Jon Peters Reviews: Jumper

March 7, 2008 by  
Filed under Reviews

“Jumper” is the perfect example of Hollywood filler. It exists just to exist and it’s not anything you would be mad about if you missed seeing it. It’s wooden, silly, and ultimately, admits just a yawn from the audience. Its core target demography is teenage boys and I’ve seen a few constantly get up and leave the theater, coming back 15 plus minutes later-not good.

Based on a book “Jumper” is about a high schooler, David Rice (Hayden Christiansen) who is constantly picked on. Through a freak accident in which he is struggling to live, after falling in a frozen lake, he vivaciously teleports, saving his life and eventually freeing himself from his constraints of being abandoned by his mother and his over-bearing father. Flash forward some odd years, and he has now grasp teleporting. But with such freedom, come consequences and responsibilities, and Agent Roland (Sam Jackson).

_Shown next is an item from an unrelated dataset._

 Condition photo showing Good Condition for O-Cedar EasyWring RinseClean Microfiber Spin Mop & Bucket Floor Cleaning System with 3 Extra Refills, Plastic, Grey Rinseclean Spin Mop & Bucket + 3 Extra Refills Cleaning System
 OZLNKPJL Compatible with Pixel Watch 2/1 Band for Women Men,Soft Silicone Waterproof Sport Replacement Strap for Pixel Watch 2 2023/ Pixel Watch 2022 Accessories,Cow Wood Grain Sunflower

The film never explains his condition and the reason why he can teleport, hopefully, the book was better in description. Apparently, he just can and there were generations of these types of people who can. The script never develops much in terms of character development or plot; it just lingers there, moving sluggishly from scene to scene. It’s a fun concept on paper, which is terribly disappointing knowing that David S. Goyer wrote the script or at least had a hand in it. Goyer has written some of the past decade’s best genre films, stuff like “Blade”, “Dark City”, and “Batman Begins”, and with those titles on your resume, something like “Jumper” should’ve been better. Maybe not in terms of those I mentioned, but at least had some fun, something like his polished touch on “Freddy vs. Jason”. Hopefully, with “The Invisible” and “Jumper” out of his system, this summer’s “The Dark Knight”, although written by the Nolan brothers based on Goyer’s outline, will return him to the genre film’s top screenwriters.

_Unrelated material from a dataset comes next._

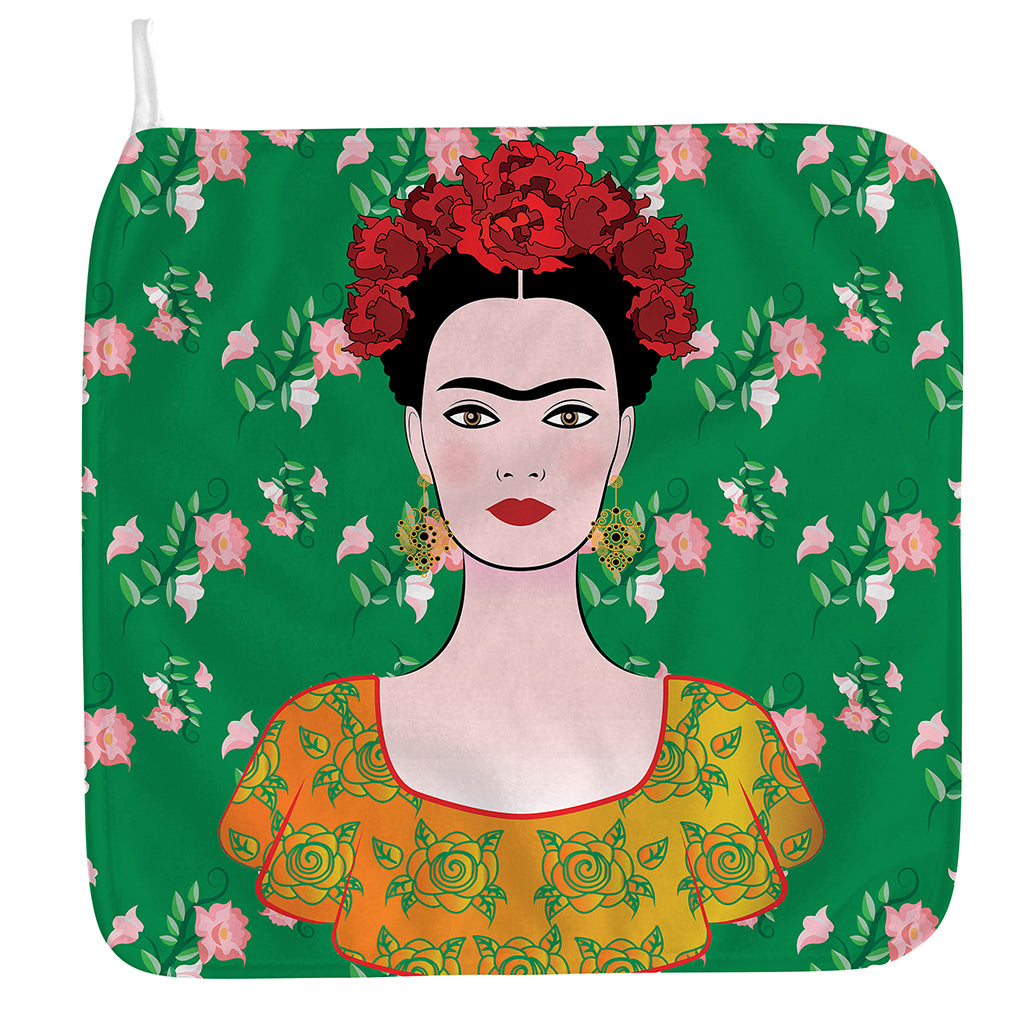 Frida Kahlo And Pink Floral Print Hand Towel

Doug Lyman, the director, in my opinion, has had diminishing returns after his lightning-in-the-bottle “Bourne Identity”. He’s a capable action set piece director, but falters during dialogue scenes, failing to capture any momentum towards the next scene. Partly because of the weak script, but also comes back to him and how he stages some of these talking moments. If “Jumper” is the type of things to come from him, I might question who really directed “Bourne Identity”.

I could pinpoint Christensen’s wooden acting or the film’s bizarre late-minute twist, but seriously it’s all scripting. I’ve blamed Goyer but maybe I should lighten up on him, the film did have two credited screenwriters besides Goyer. With that, you have to somewhat caution yourself. The film never reaches for anything other that some CG teleporting wow’ moments and never builds toward an ending or a proper climax. It’s Hollywood filler, hoping for another buck and another franchise.